# some sticks i have made



## JGB (Dec 14, 2014)

here are some sticks i made out of tea tree and kauri all New Zealand native timber


----------



## cobalt (Nov 14, 2013)

nice job. like . very individual

know nothing of the wood but keep the phoyos coming


----------



## JGB (Dec 14, 2014)

will do and thank you. Jeff


----------



## Sean (Dec 29, 2012)

Great looking sticks.


----------



## MJC4 (Mar 6, 2014)

Very unique pieces. Is that a North American Bison medallion on the second stick?


----------



## JGB (Dec 14, 2014)

yes sir it is a good mate of mine in swansboro north carolina sent it to me as i have been to the us and i love the place and the people . he asked me if i could use this and i said hell yeah. and i also have a Buddy in lynchburg virginia and that place is awesome in the fall


----------



## CV3 (Jan 30, 2014)

Thanks for sharing. Nice looking sticks. I like your inlays and the lion. What are the woods?


----------



## graydog (Dec 7, 2014)

Attached are 2 photos of a little Bois D'Arc cane I made about 20 years ago. In the first photo, there is a dime to show it's diameter. If the wood is strong, the cane doesn't need to be big and heavy to be strong. I hit a Blue Heeler that was attacking me very hard and was sure it broke, but it didn't. It is also very light weight and easy to carry. It's one of my favorites.

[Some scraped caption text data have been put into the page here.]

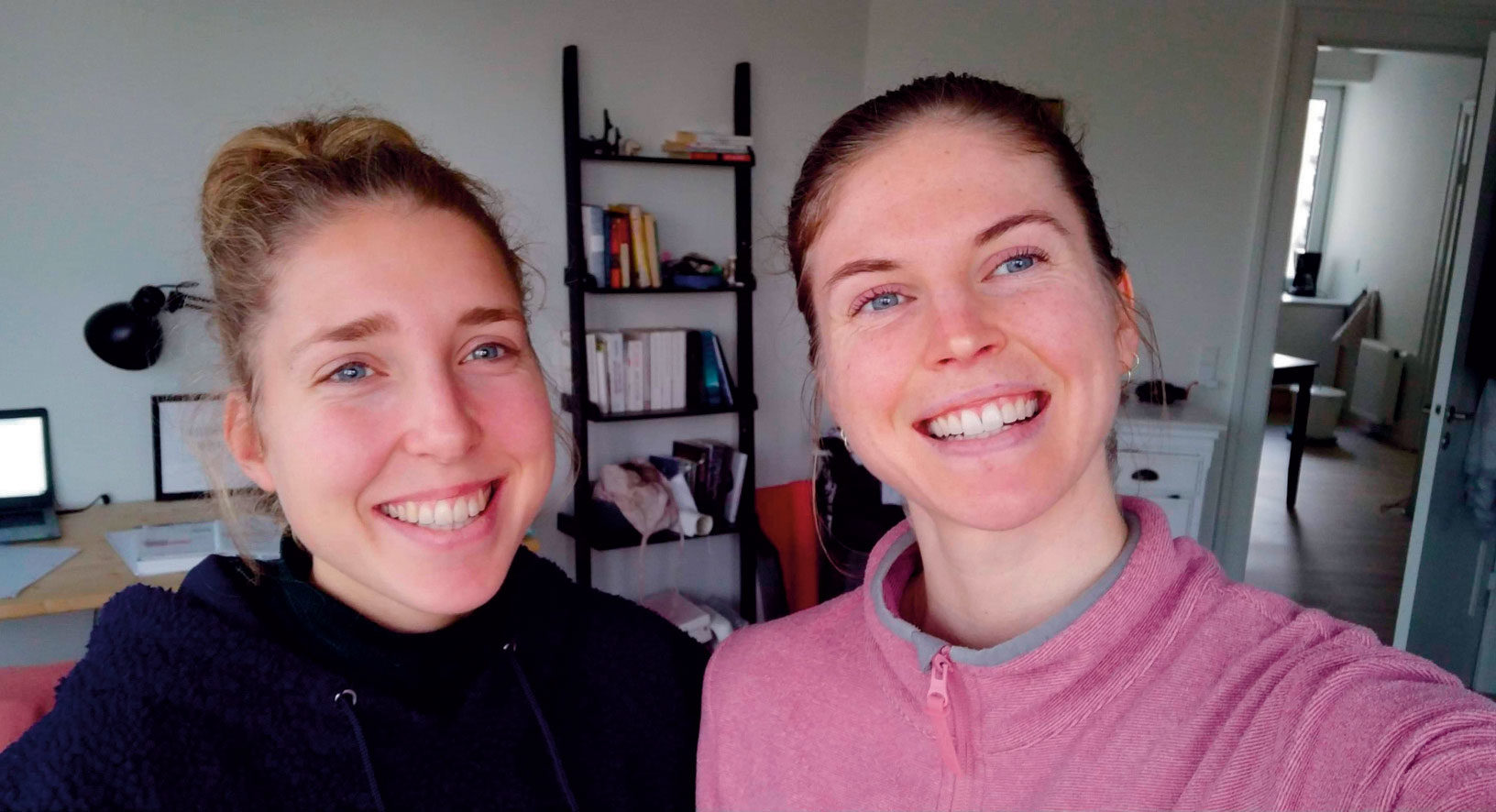 PÅ HJEMMEBANE: Andrine deler leilighet med det danske lagets Cecilie Friberg Klystner. Sammen utfordrer og pusher de hverandre daglig på trening. FOTO: ANDRINE-SELFIE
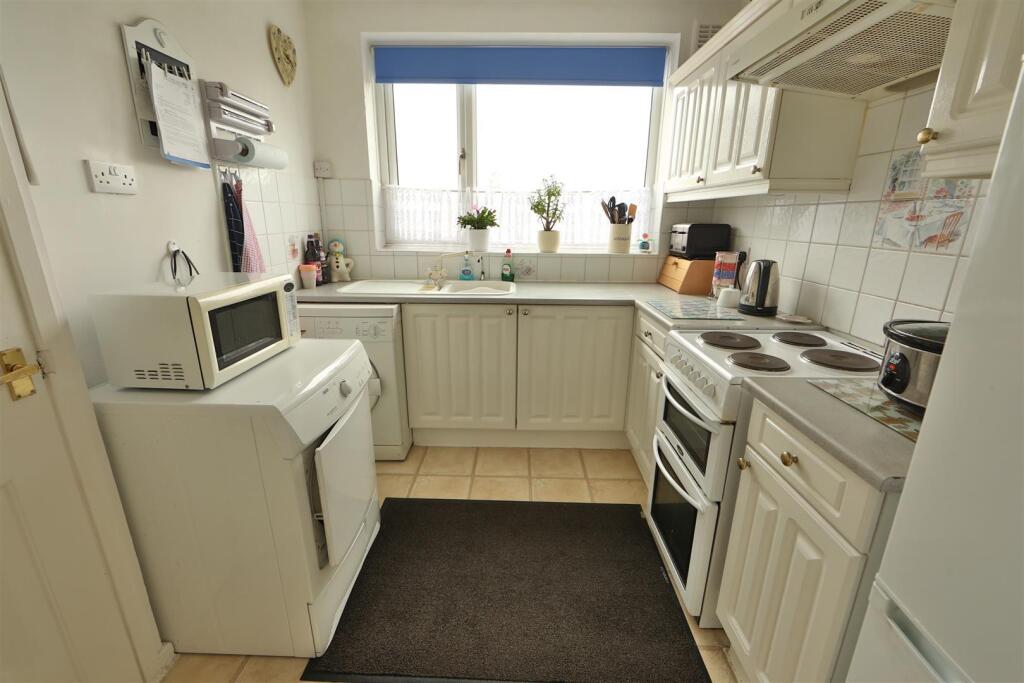 London Road, Whitley - Kitchen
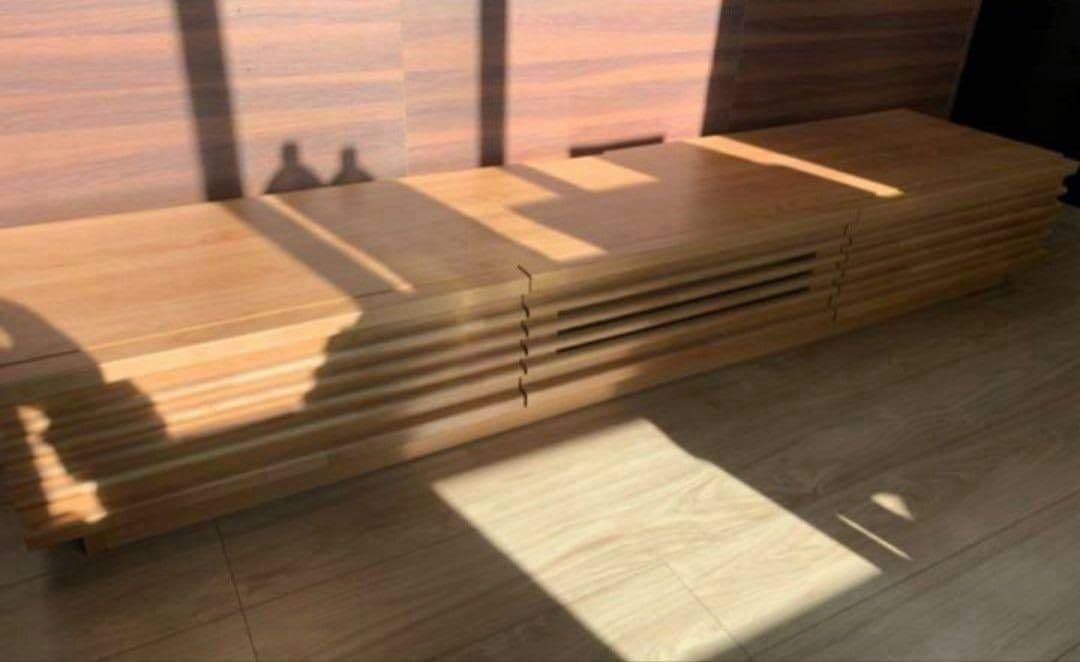 【中古】タンスのゲンのテレビボード　180cm 天然木　ローボード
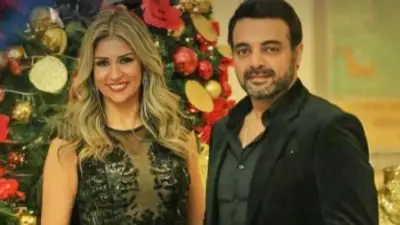 عمرو محمود ياسين يكشف كواليس رحلة علاج زوجته من الرعب الحقيقي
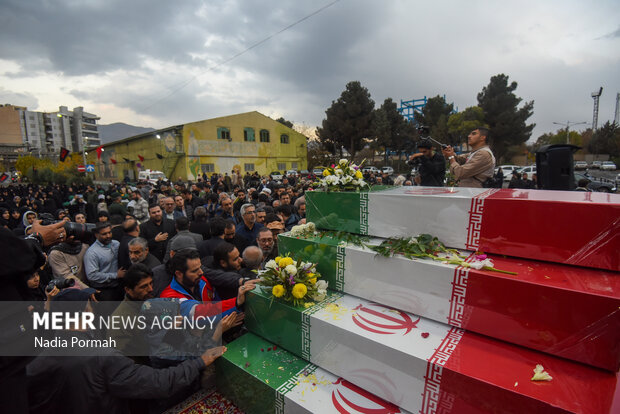 استقبال از ۱۰ شهید گمنام در کرج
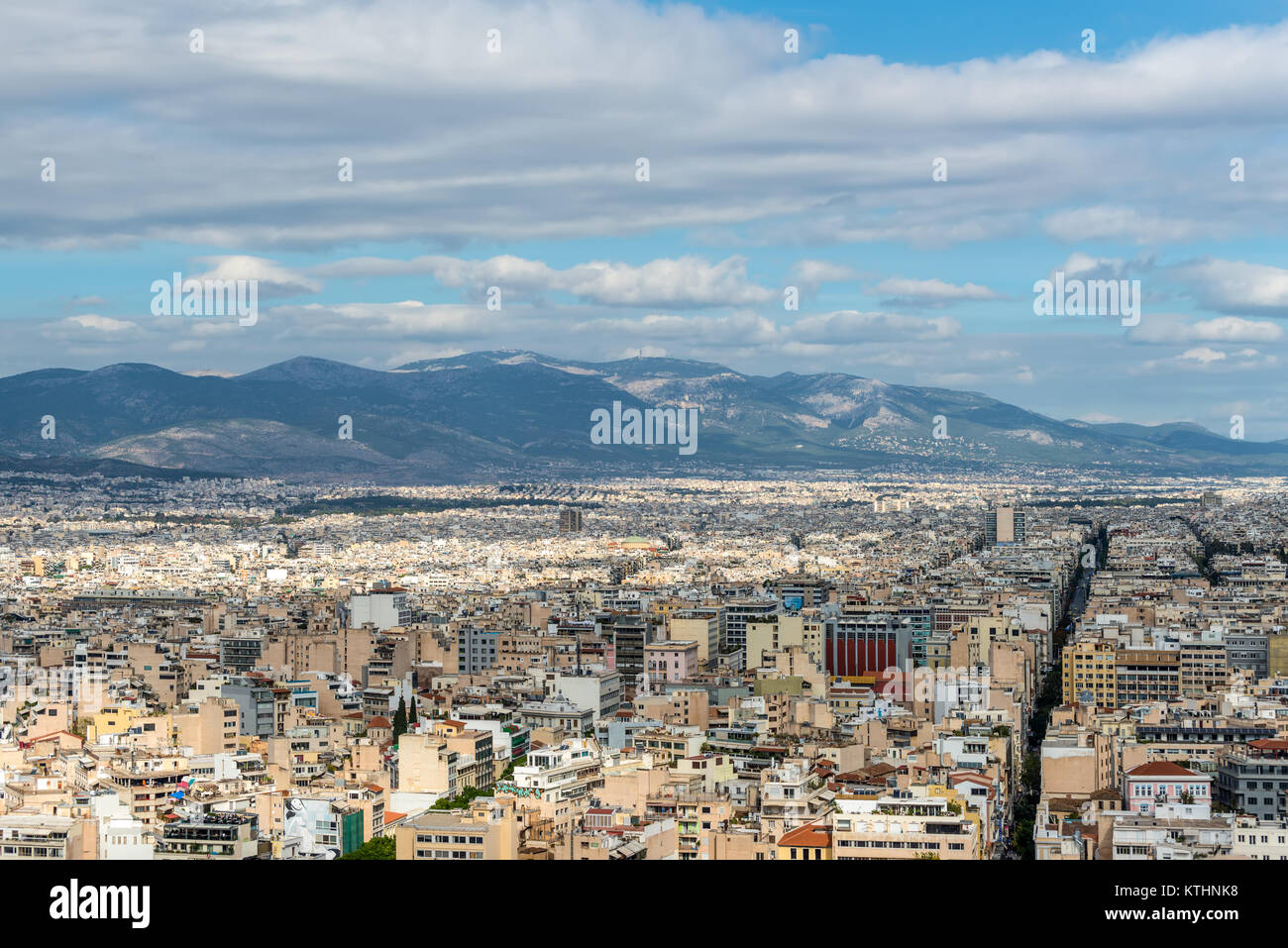 Athen, Griechenland - November 1, 2017: Panorama von Athen, von der Akropolis, einer alten Zitadelle befindet sich auf einem Felsvorsprung über der Stadt und Fa Stockfoto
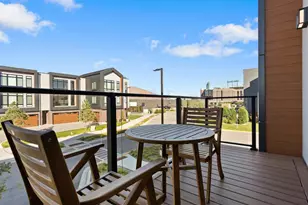 1071 Brookwood Dr, Green Bay, WI 54304 - Photo 22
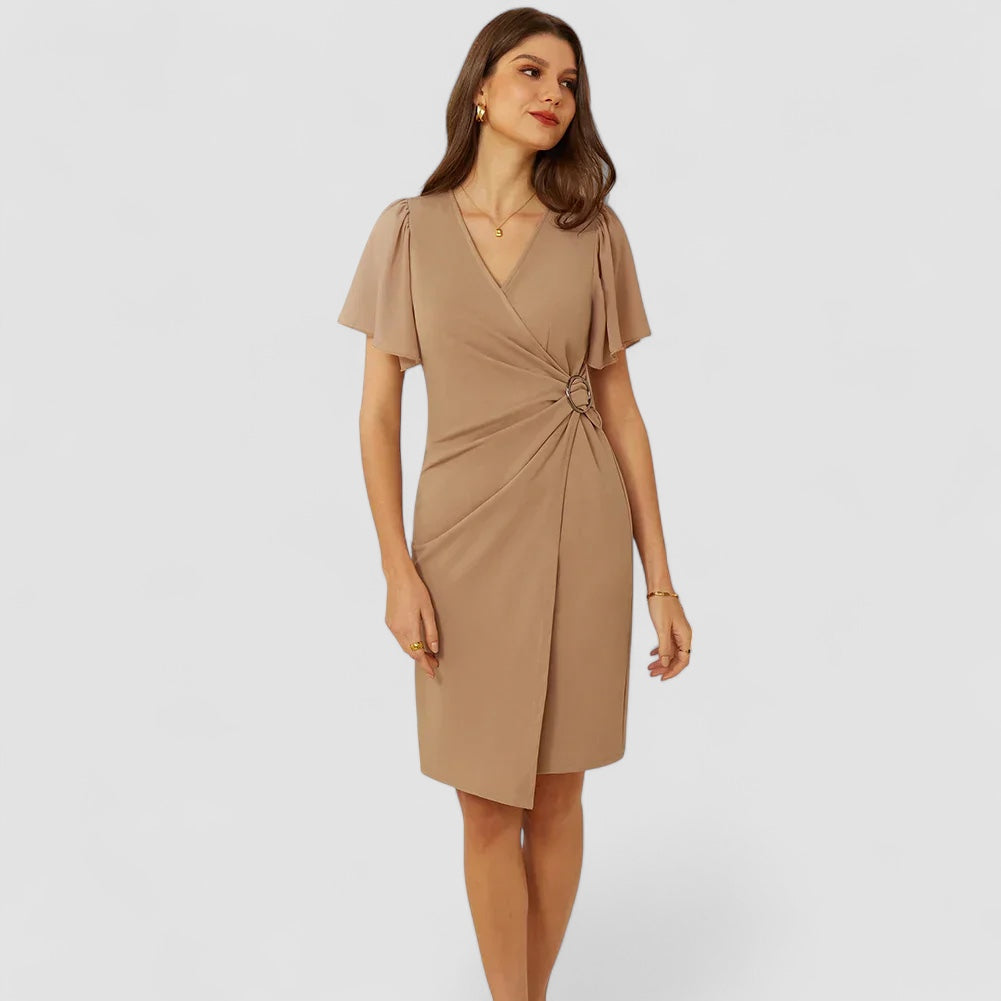 Chic Parsienne™ | Élégante robe beige à encolure croisée
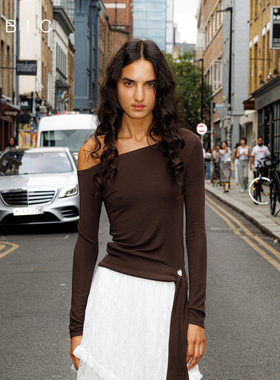 CUBIC时髦慵懒感修身斜肩羊毛混纺叠穿绑带针织衫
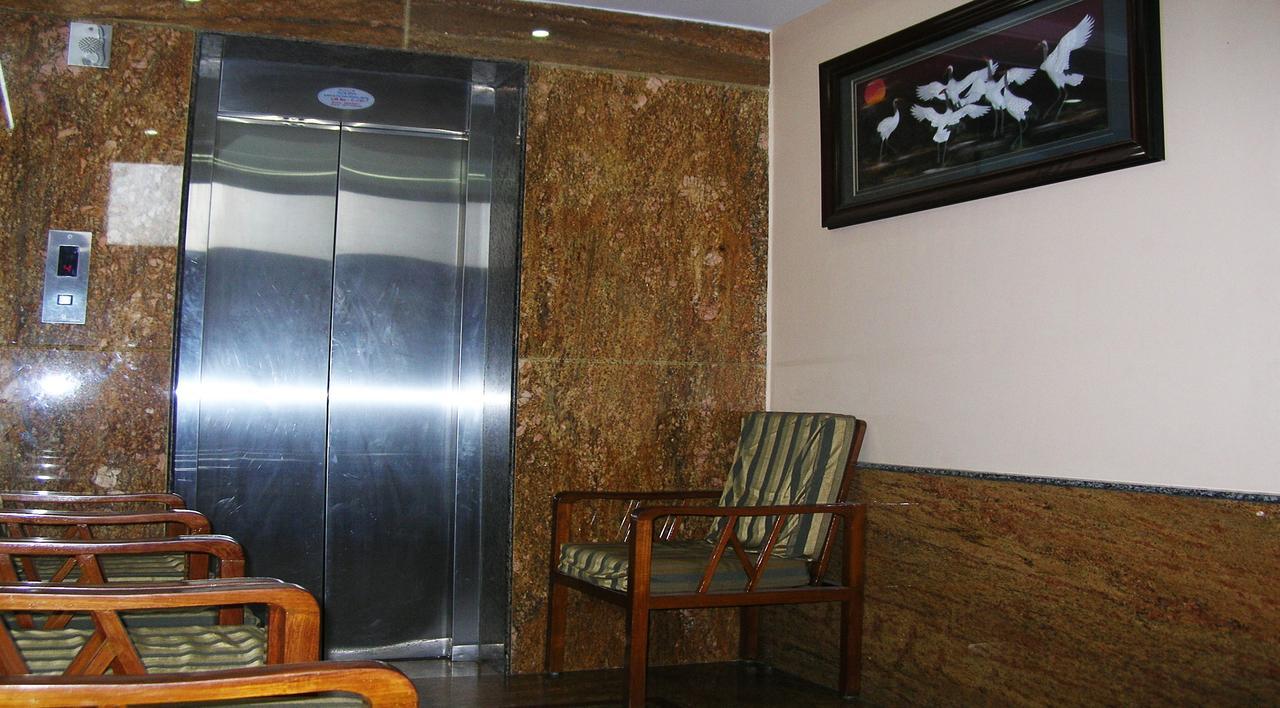 Hotel Athidhi Residency Tirupati Esterno foto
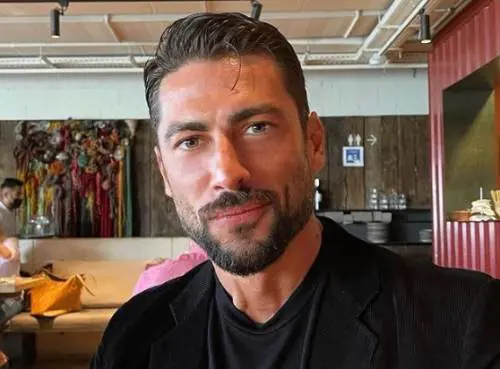 "Dopo la Hunziker frequenta un'altra conduttrice". Il gossip su Giovanni Angiolini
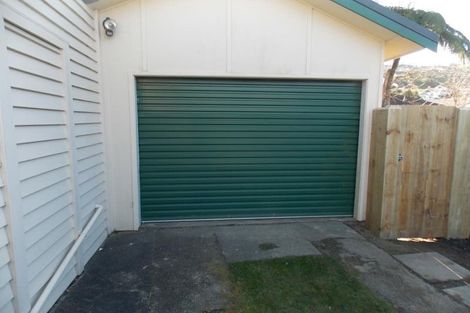 Photo of property in 10 Fernlea Avenue, Karori, Wellington, 6012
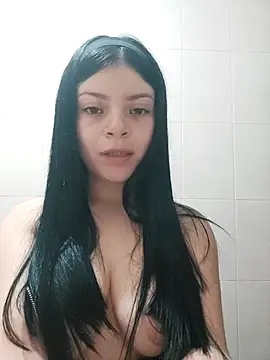 LunaJacobs online show from 11/12/25, 12:15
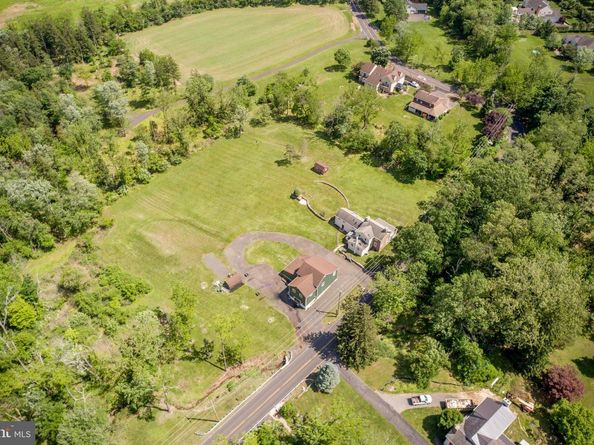 577 Sackettsford Road, Warminster PA 18974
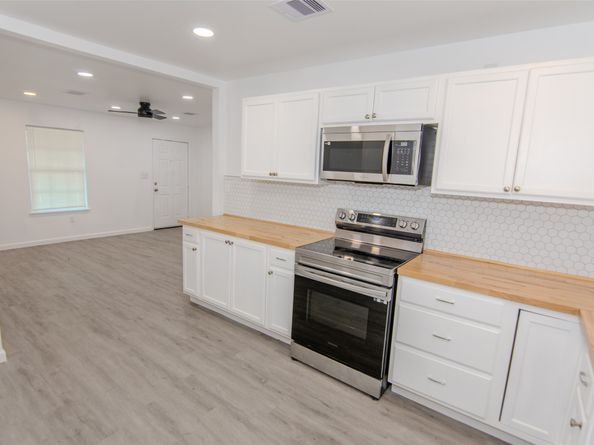 9210 Saint Lo Road, Houston TX 77033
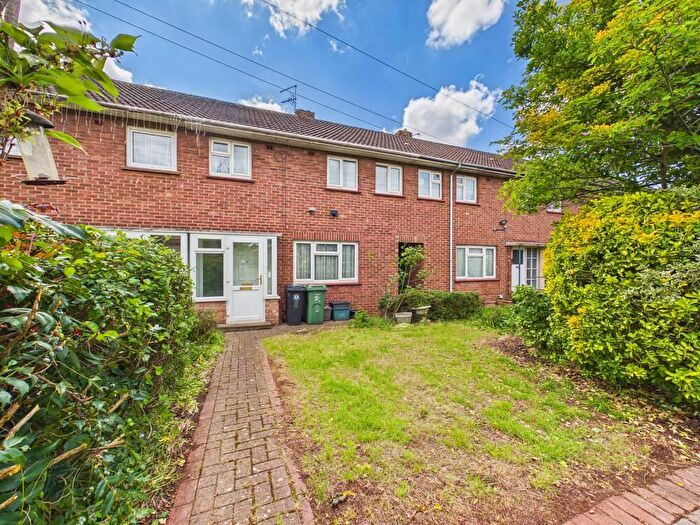 3 Bedroom Terraced House For Sale In Probyn Close, Frenchay, Bristol, BS16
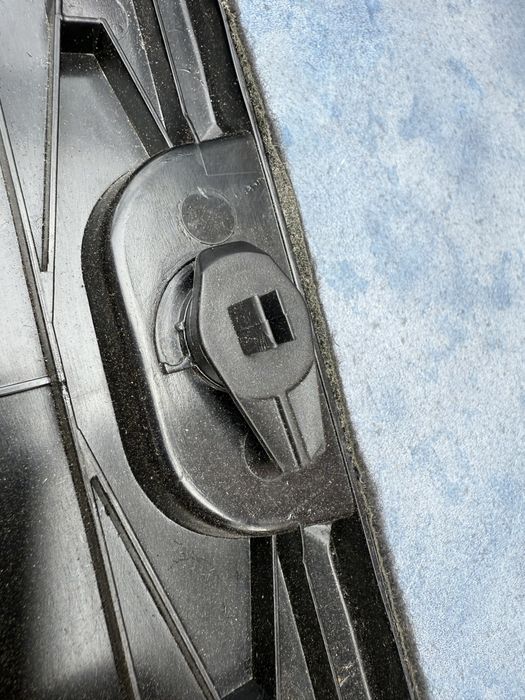 Zaślepka klapy audi a4 b7 kombi zamknięcie trójkąta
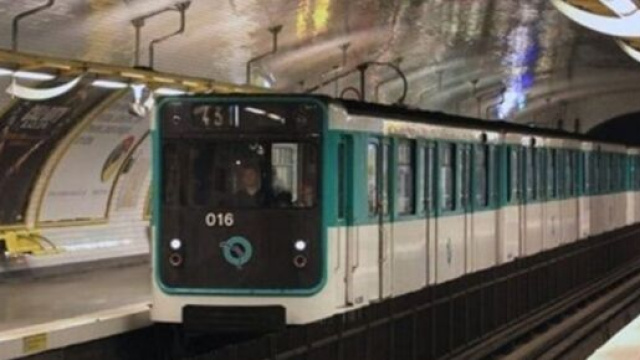 Déconfinement - des scènes à peine croyable dans les transports parisiens aujourd'hui - photo Flickr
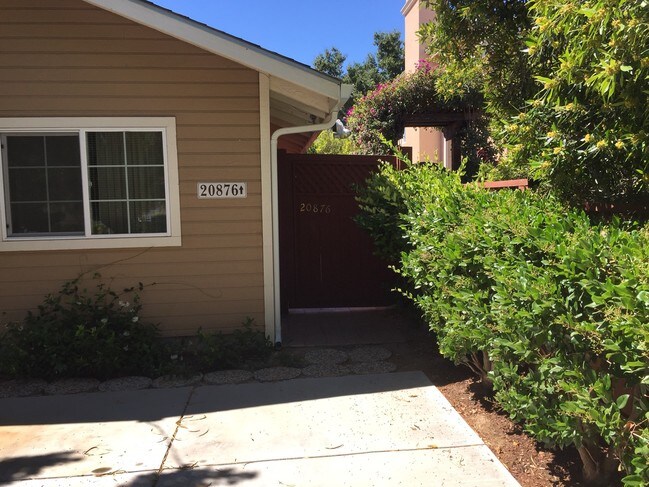 Building Photo - 20876 Garden Gate Dr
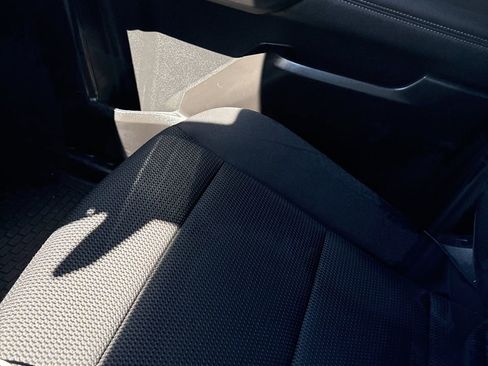 Used 2023 Chevrolet Colorado LT image 13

Click on photo to enlarge, then hit the back button to go to next photo or you'll lose the forum page.


----------



## JGB (Dec 14, 2014)

CV3 the woods are tea tree and kauri and man they are hard as nails. hey gray dog that cane is real nice


----------



## graydog (Dec 7, 2014)

JGB said:


> CV3 the woods are tea tree and kauri and man they are hard as nails. hey gray dog that cane is real nice


Thanks JGB, I like it because it is such a light weight. Our American Indians used it to make hunting bows. My dad's farm had fence posts 60 years old with no rotting or termite damage. The down side is the posts cure so hard you can't drive a staple into them.


----------



## JGB (Dec 14, 2014)

is that wood what they call osage if so it is awesome as i have a bow made of it


----------



## graydog (Dec 7, 2014)

JGB said:


> is that wood what they call osage if so it is awesome as i have a bow made of it


Yes JGB, Bois D'Arc is also called "Osage Orange" and is a native tree to much of the USA.


----------